The C# compiler and the .NET runtime try hard to avoid putting that state machine on the heap. Many async method invocations actually complete synchronously, and the compiler and runtime are tuned to that use case. As noted, in Release builds the state machine generated by the compiler is a struct, and when an async method is invoked, the state machine starts its life on the stack. If the async method completes without ever suspending, the state machine will happily complete having never caused an allocation. However, if the async method ever needs to suspend, the state machine needs to somehow be promoted to the heap.
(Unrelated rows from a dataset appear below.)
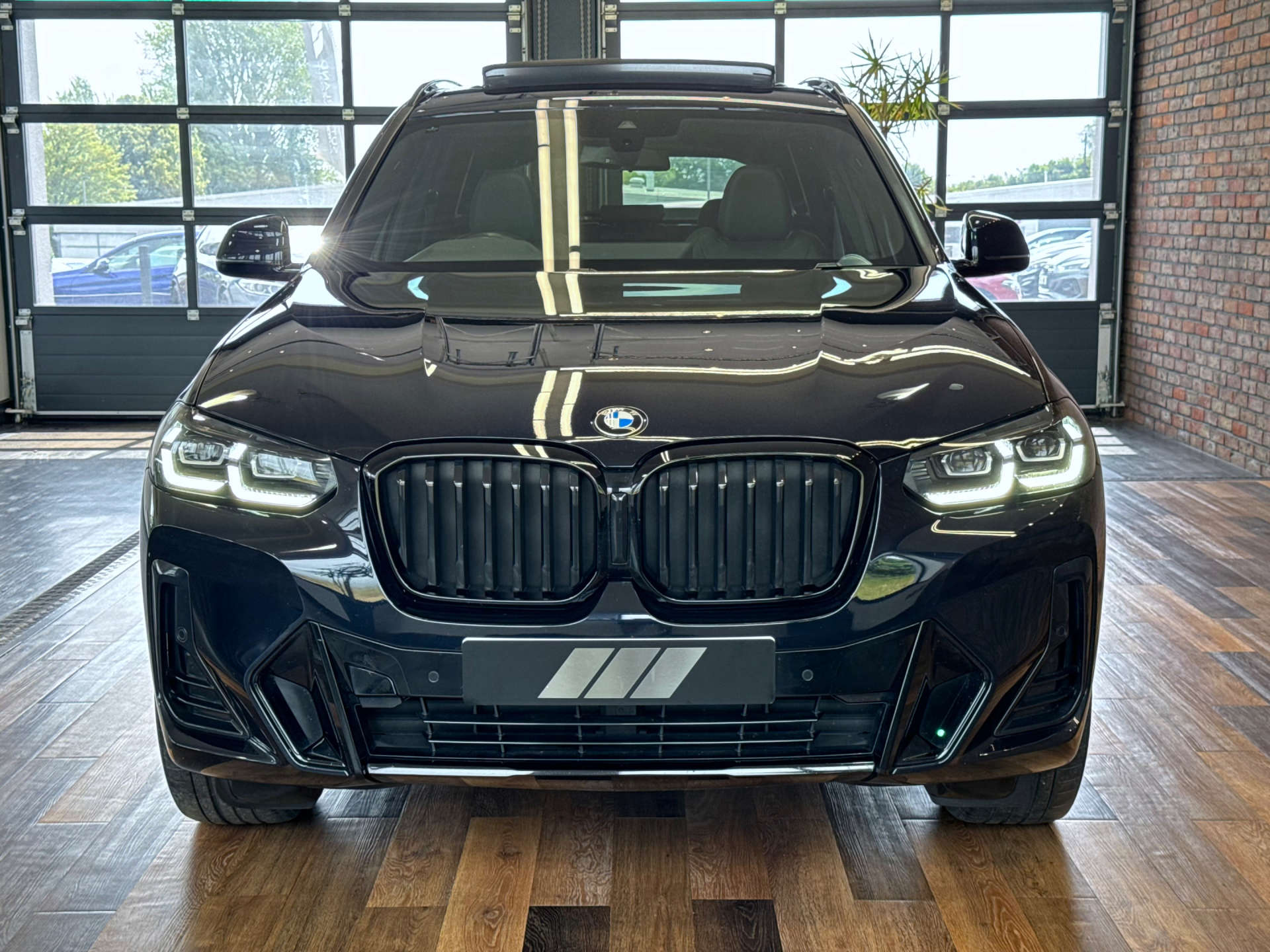 BMW X3 2.0 X3 xDrive 20d M Sport MHEV Auto 4WD 5dr #10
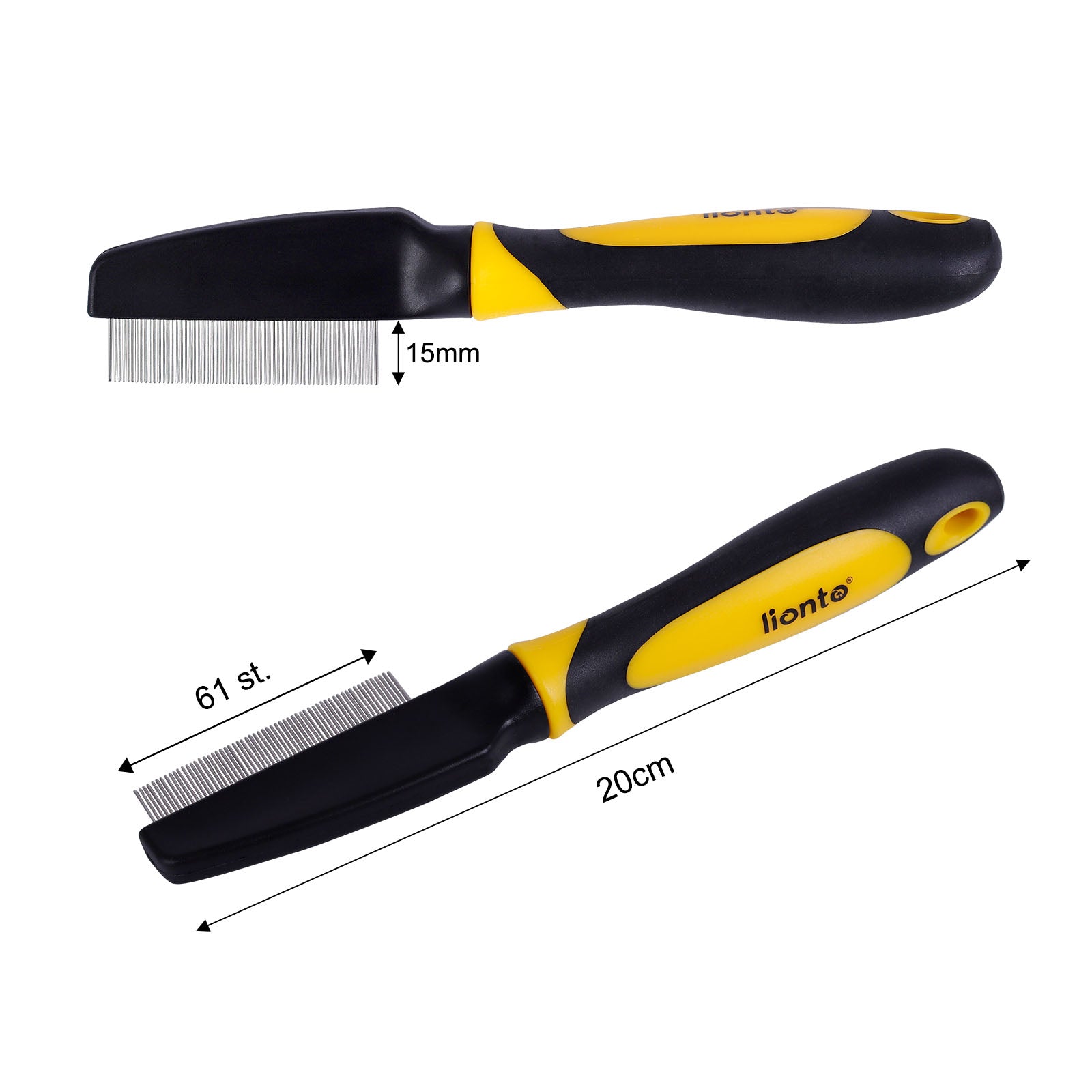 Cepillos para perros para el aseo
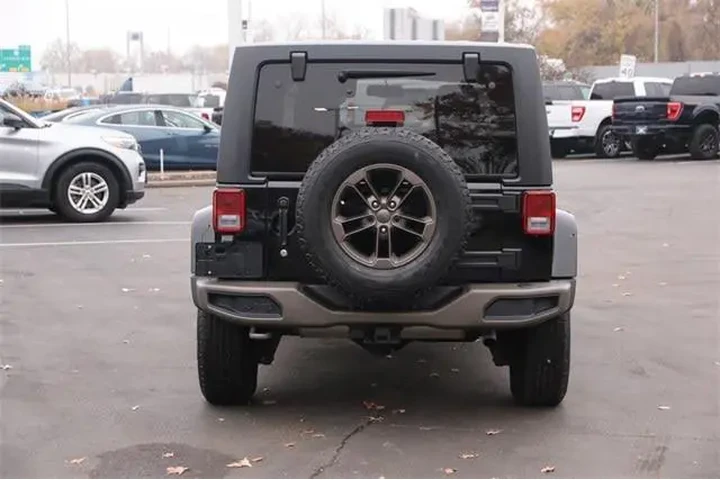 $21950 : Jeep Wrangler Unlimited 2016 image 7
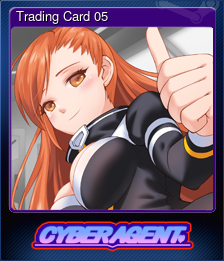 Trading Card 05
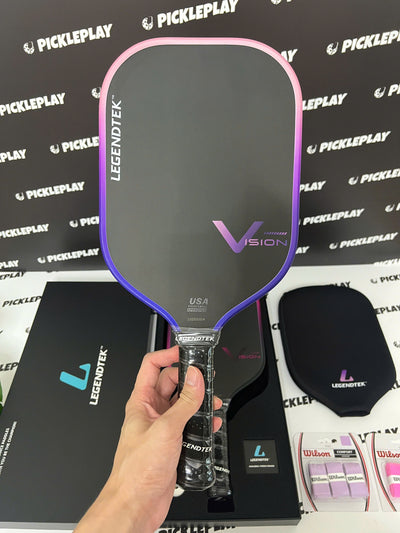 Pickleball racket LEGENDTEK Vision II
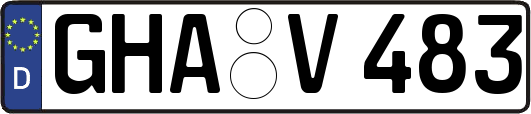 GHA-V483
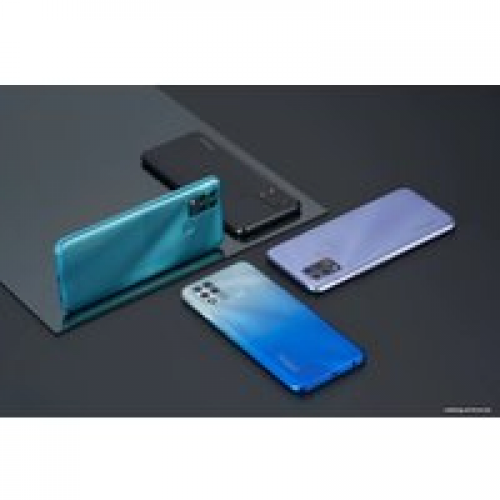 Телефон Infinix Hot 11 Helio G37 4GB/128GB (черный)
In .NET Framework, the moment a Task– or ValueTask-returning async method (both generic and non-generic) suspends for the first time, several allocations occur:

  1. The state machine struct is copied to the heap via standard runtime boxing; every state machine implements the IAsyncStateMachine interface, and the runtime literally casts the struct to this interface, resulting in an allocation.

  2. The runtime captures the current ExecutionContext, and then allocates an object (it calls this a “runner”) that it uses to store both the boxed state machine and the ExecutionContext (note, too, that in the .NET Framework, capturing ExecutionContext when it’s not the default also results in one or more allocations).

  3. The runtime allocates an Action delegate that points to a method on that runner object, because the awaiter pattern requires an Action that can be passed to the awaiter’s {Unsafe}OnCompleted method; when invoked, the Action will use the captured ExecutionContext to invoke the MoveNext method on the state machine.

  4. The runtime allocates a Task object that will be completed when the async method completes and that’s returned from the async method to its synchronous caller (if the async method is typed to return a ValueTask, the ValueTask struct is just wrapped around the Task object).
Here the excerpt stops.